Sree Krishna Swamy Temple, Choozhal, Piracode, Krishnapuram 
The main attraction of Choozhal is the Choozhal-Piracode Sree Krishna Swamy Temple. The temple celebrates its annual festival during the month of February - March, known as Kumbha Rohini Mahotsavam.  In the early days, the village is known as Shankurutty.  After a period of time, the name of the village was name Krishnapuram which originated from the name of the Lord Sree Krishna. Once upon a time, this temple was a bhajan mandir and Uriyadi with Bhajana Pattabhishekeam (annual festival) was conducted regularly. Sivasankara Panicker presided over the temple committee for a long period. Then it was demolished in 1973 and new Shri Krishna temple was constructed with the effective participation of the public on 17 April 1979 by a committee presided by K. Govindan Panicker a nd K.G. Panicker. Notable services were contributed by Sadanandan  and K. Surendran for about 18 years. The present temple was reconstructed in 18.02.2008 with the help of natives. There is also a Bhadrakali Temple situated in Piracode, opposite to Krishanpuram famous for Iratta Ponkala. 
Kumbharohini Maholsavam for the year 2015, started on 17 Feb 2015 and ended on 26 Feb 2015. The main event of the festival 'Khoshayatra' was conducted on the second day of the festival which was 18 Feb 2015. The procession started from Sree Subramanya Swamy temple Kollemcode at 3 in the afternoon and ended at Sree Krishna Swamy temple premises by around 7 in the evening. Samoohasadhya is arranged for all the devotees for all the ten days of the festival.

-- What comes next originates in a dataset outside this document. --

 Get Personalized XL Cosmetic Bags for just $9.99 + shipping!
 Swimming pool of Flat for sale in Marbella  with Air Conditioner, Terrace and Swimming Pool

Club (Youth social services)
A Youths Social Services Society (YSS) located at Krishnapuram performing duties of social services in the area, a helpful society for the villagers. The facilities include a library with a huge collection of books, and Information room and a Public Television Room.  The Club celebrates its annual function during the month of August to September in connection with Onam festival, by conducting various programmes which include Sports, Arts, Quiz, etc.  The club also promotes students of 10th and 12th by presenting a trophy to those students who topped with marks. Great efforts were made by sri. Jayamohan&shaji in the construction of own building of YSS. YUVASAMITHI, a handwritten periodical reflecting contemporary youths literature of choozhal published in the 1970-80s are stored in the library still inspires nostalgia of the residents. The services rendered by, Shri. Rajmohan, Chandran, Sreekumar, late  Shri. Ponnian, Raveendran, Johnson, Surendran, Monikandan, Siddarthan are ever remembered.